[PATCH 3/6] perf/x86/intel: Support LBR event logging

From: kan . liang
Date: Mon Apr 10 2023 - 16:44:18 EST


From: Kan Liang <kan.liang@xxxxxxxxxxxxxxx>

The LBR event logging introduces a per-counter indication of precise
event occurrences in LBRs. It can provide a means to attribute exposed
retirement latency to combinations of events across a block of
instructions. It also provides a means of attributing Timed LBR
latencies to events.

The feature and supported counters can be enumerated in the ARCH LBR
leaf.
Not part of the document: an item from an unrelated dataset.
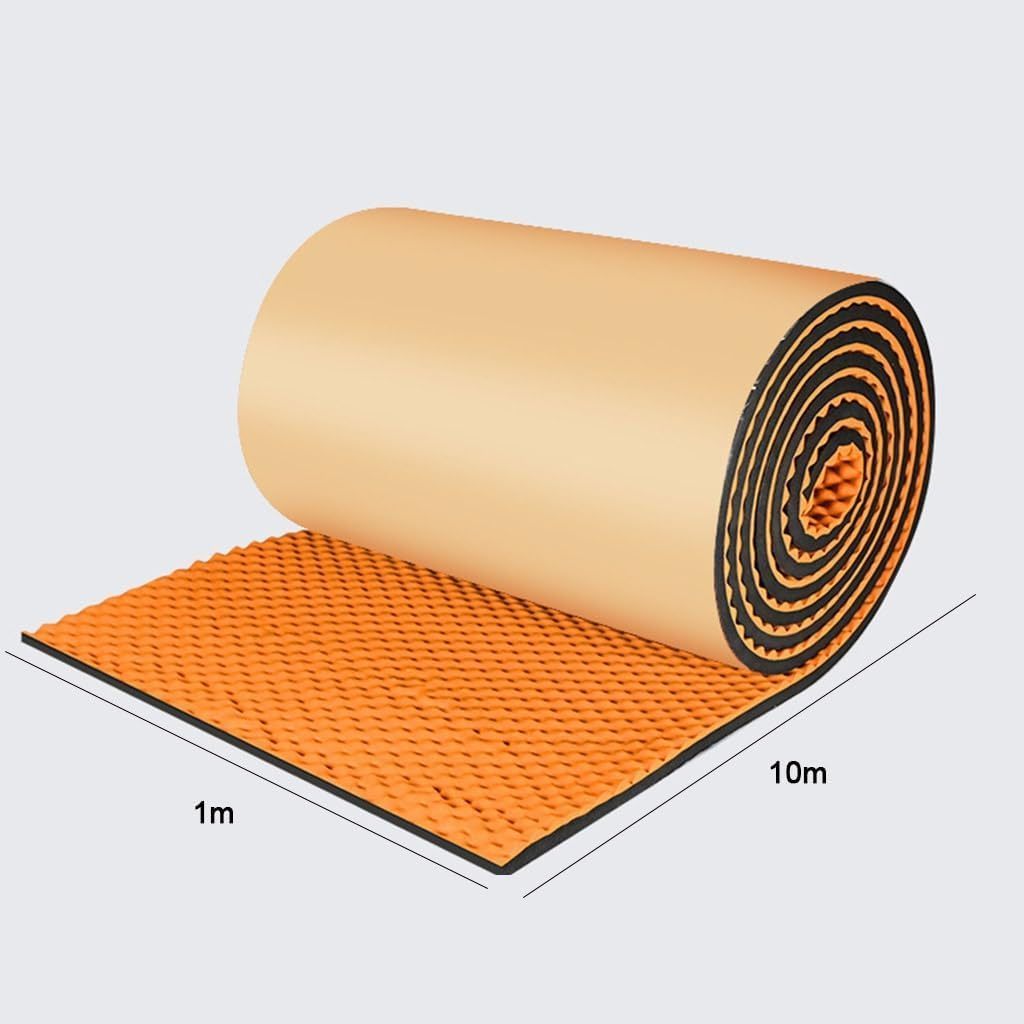 Acoustic Foam Panels 3.2 * 32.8ft Soundproof Closed Cell Sponge Foam Sheet Roll Sound Insulation Rolls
Add an x86_pmu flag to indicate the availability of the feature.

The feature is only supported on the first 4 GP counters on SRF/GRR.
Force the event constraint to the first 4 GP counters.

The LBR event is logged by the counter order, which is not available for
the perf tool. Records the event IDs if the PERF_SAMPLE_BRANCH_EVENT_IDS
sample type is set. The cpuc->events has global information. Filter the
system-wide events IDs for a per-thread event.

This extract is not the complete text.